Greece’s prime minister, George A. Papandreou, comfortably survived a confidence vote on Tuesday, momentarily stabilizing his fragile Socialist government and clearing the way for a fresh infusion of financial assistance from the European Union.
But the country’s economic crisis, which began at the end of 2009 when the world belatedly realized that Greece’s fiscal and trade deficits were unsustainable, is far from over; in fact it has taken a new and dangerous turn.
The specter of a default on Greece’s sovereign debt — close to $500 billion, most of it owed to other Europeans — is haunting bankers and politicians. It could set off domino effects in the euro zone and beyond. Without urgent domestic reform and help from its European partners, Greece, a country of only 11 million people, risks being caught in an unbreakable cycle of decline.
The bailout by the European Union, with the participation of the International Monetary Fund, comes with strict conditions attached, conditions that the government has only partially met so far. The government has reduced the budget deficit to 10.5 percent of Greece’s gross domestic product from more than 15 percent — no small achievement — and passed a bold pension reform plan. But it has been much more hesitant about structural reform of the economy and privatization of state-controlled enterprises, because of organized opposition by vested interests, resistance from within the party and from trade unions, and the snail’s pace of Greek bureaucracy.
With unemployment at 16 percent, Greeks have been taking to the streets in protest against unpopular measures and a political system at risk of losing its legitimacy. Populists are having a field day, offering simplistic solutions and seeking scapegoats, preferably those beyond the nation’s borders. This is certainly not a phenomenon confined to Greece.
Mr. Papandreou has reshuffled his cabinet and tried to appease his party members, while putting out feelers to the main center-right opposition party over the creation of a national unity government — so far, unsuccessfully. He has been undoubtedly weakened in the process. Greece desperately needs a radical renewal of its political class; at stake is the survival of many members of that establishment. It also needs a peaceful revolution in its economy and society. But democracy takes time. The next parliamentary elections may not be very far off, but the political and economic climate has to improve first.
A few bold measures would send the message that the government is serious about scaling down the public sector. The solution is not more taxes to pay for poor quality services and over-staffed state organizations, the result of years of clientele politics in which the party in power appointed its friends to taxpayer-financed jobs. Greece needs more effective tax collection, together with the provision of a safety net for the rising numbers of the economically vulnerable.
But economic measures are surely not enough; in drama, as ancient Greeks knew, you need catharsis. In today’s Greece, this means that people who have mismanaged public funds should be brought to justice. Neither of the main political parties has been enthusiastic about this, because they fear the unpleasant surprises from opening such a Pandora’s box. The creation of a national unity government, with a specific program of limited duration, would help to restore public confidence and broaden support for politically difficult measures, notably the elimination of public sector jobs.
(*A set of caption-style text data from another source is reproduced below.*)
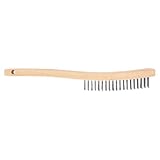 DEWALT DW49703 Row Curved Handle Carbn Wire brush, 3-Inch X 19-Inch [並行輸入品]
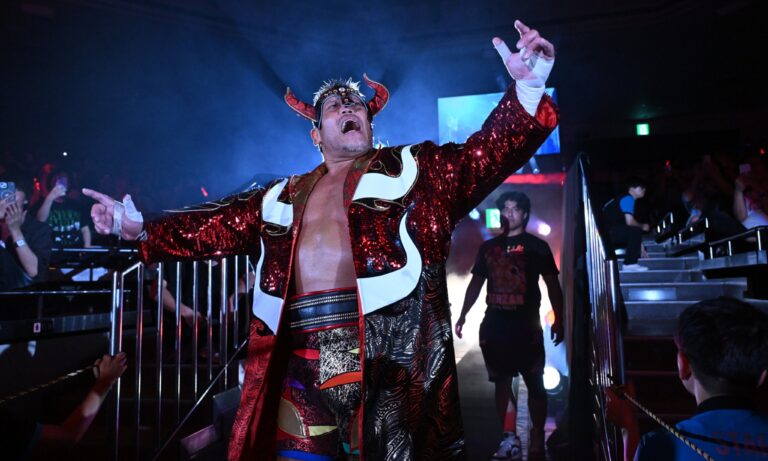 Hiroyoshi Tenzan Retires After 35 Years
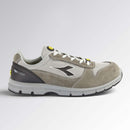 Diadora Run Text Low Castle Rock Alluminium S1P Werkschoenen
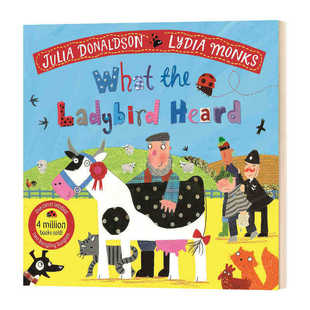Little ladybug Heard What imported English original What the Ladybird Heard new version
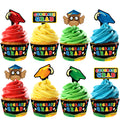Kindergarten Graduation Cupcake Toppers & Cupcake Wrappers - Kindergarten Graduation Party Decorations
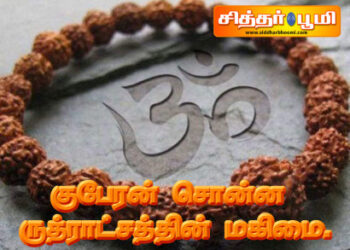 குபேரன் சொன்ன ருத்ராட்சத்தின் மகிமை.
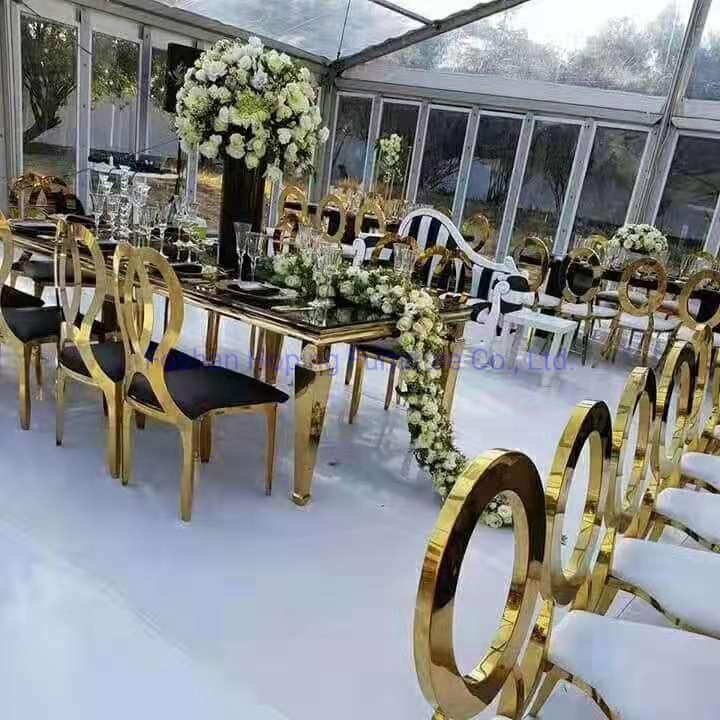 Rattan Design Restaurant Chair Wedding Reception Furniture Rental Head Table Chairs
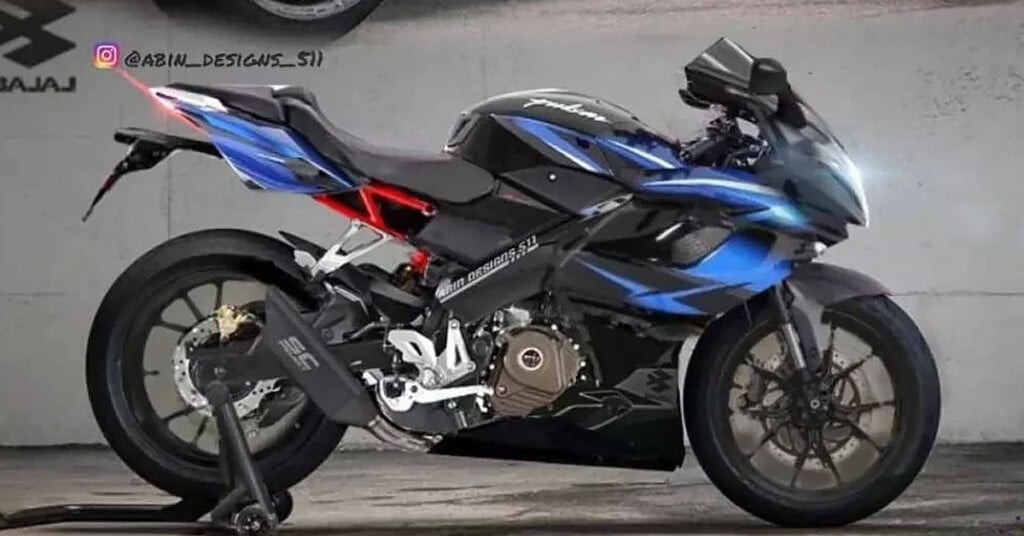 Much-Awaited 400cc Bajaj Pulsar Finally Spotted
For the heavily indebted and uncompetitive economies of the European periphery, fiscal consolidation and structural reform — the mantras of I.M.F. economists — are a must. But what is the right dose of austerity? Too much could be economically counterproductive. Public tolerance of austerity may be reaching the breaking point.
Growth is the key: without it, any adjustment program is doomed to fail. In trying to cut bureaucratic tape, Greek politicians will need to create an environment that is propitious to investment, which has not been the case for many years. European funds for investment could bolster the determination of local politicians to proceed with structural reform. Some in Europe are already talking about a new Marshall Plan for financially embattled countries. Solidarity with strings attached is a politically intelligent form of investment.
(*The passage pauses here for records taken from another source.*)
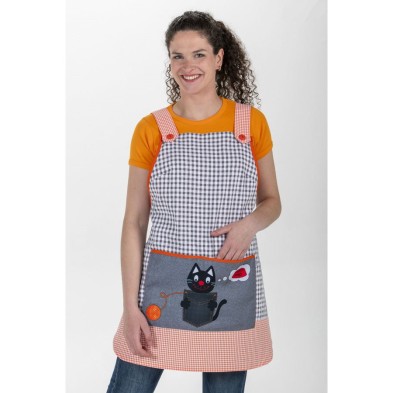 Estola Maestra Dyneke Gato Negro 8343209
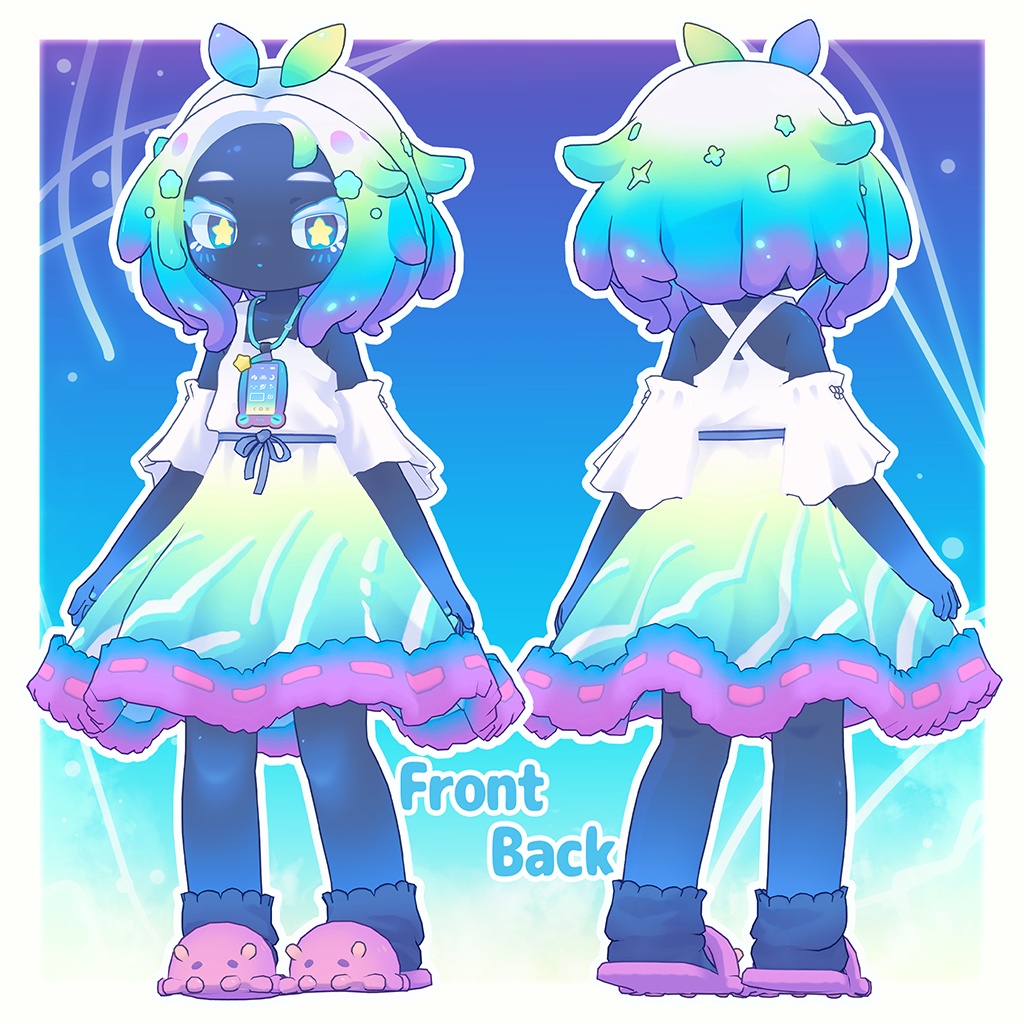 オルトア/ortwa【オリジナル3Dモデル】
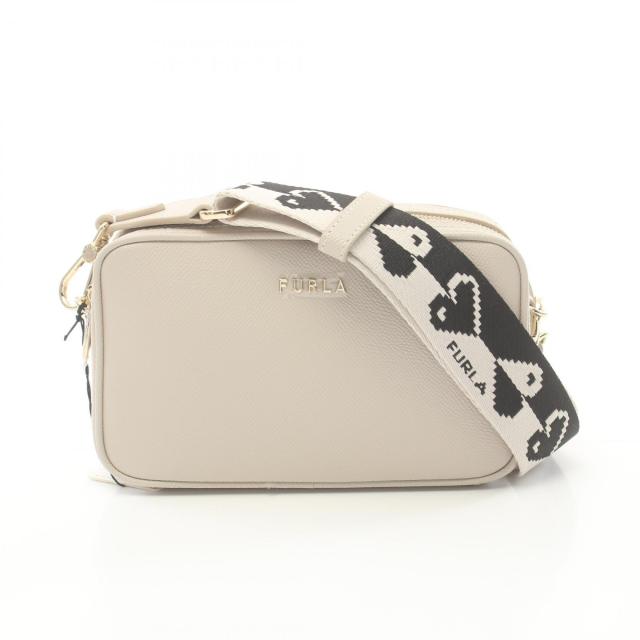 フルラ Furla LILLI XL リリー ショルダーバッグ バッグ レザー レディース ベージュ系 EK27LILBX1785GDJ00 【中古】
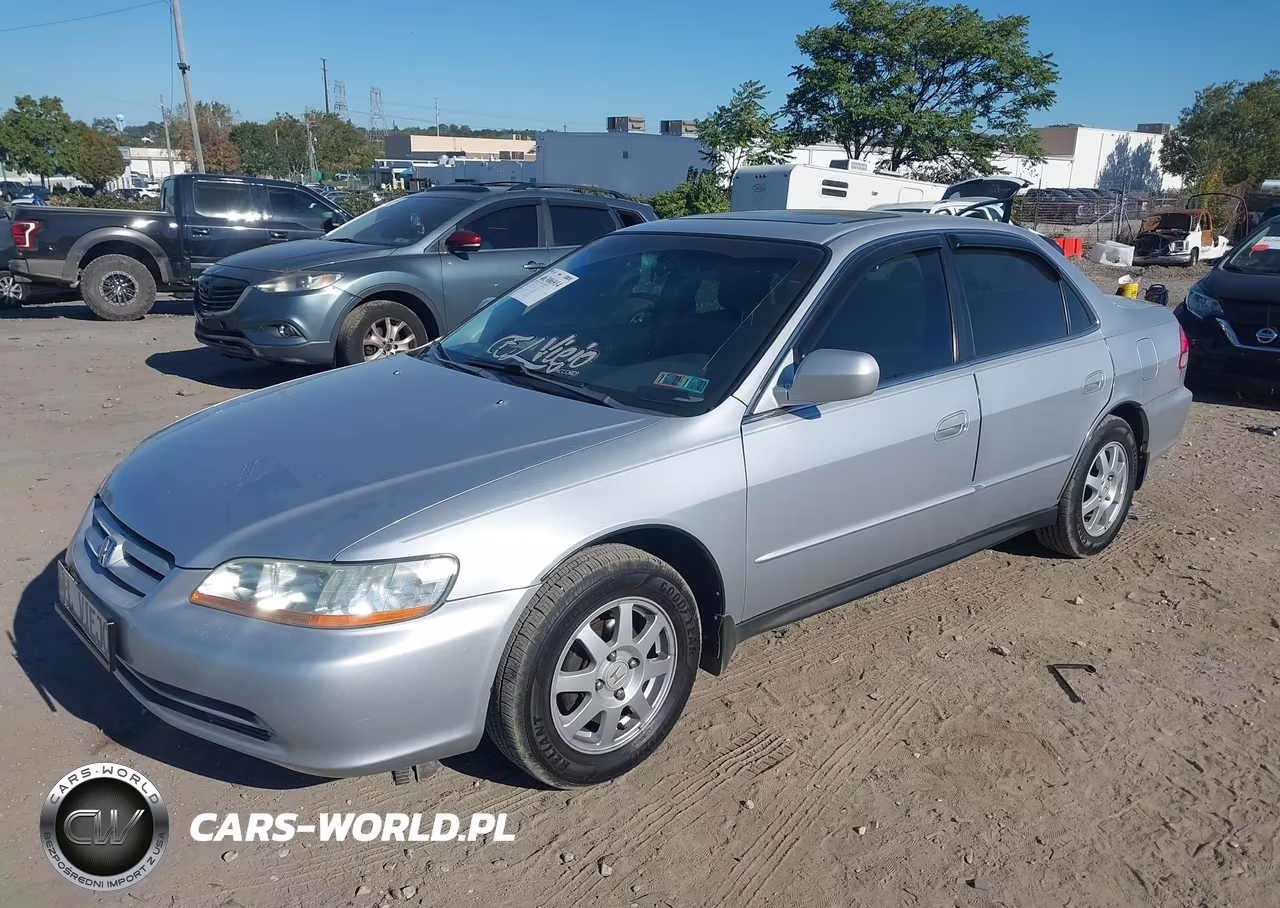 2002 Honda Accord 2.3 Se VIN:1HGCG56772A032288 - 2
The sovereign debt problem in several European countries, including Greece, raises the question of who should pay for the accumulated mistakes of the past — taxpayers or private creditors — and how much of the burden each country should bear. We need a political agreement on these questions, instead of piecemeal measures that leave politicians two steps behind the bond markets.
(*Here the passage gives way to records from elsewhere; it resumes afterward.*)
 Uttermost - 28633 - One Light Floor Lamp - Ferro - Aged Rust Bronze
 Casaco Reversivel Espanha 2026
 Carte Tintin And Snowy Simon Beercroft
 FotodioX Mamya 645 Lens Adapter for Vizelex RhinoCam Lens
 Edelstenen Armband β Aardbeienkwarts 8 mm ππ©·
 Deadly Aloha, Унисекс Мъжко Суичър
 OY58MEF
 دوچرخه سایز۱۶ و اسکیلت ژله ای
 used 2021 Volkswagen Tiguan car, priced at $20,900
Greece is at a dangerous crossroads. Other countries — Portugal, Ireland, maybe Spain — are coming behind it. The consequences of excessive borrowing and consumption, of the bursting of the credit bubble, have caught up with us. If we fail to deal with them effectively, the achievements of decades of increasing integration and shared sovereignty in postwar Europe may no longer be taken for granted.
Loukas Tsoukalis, a professor of European integration at the University of Athens and the president of the Hellenic Foundation for European and Foreign Policy.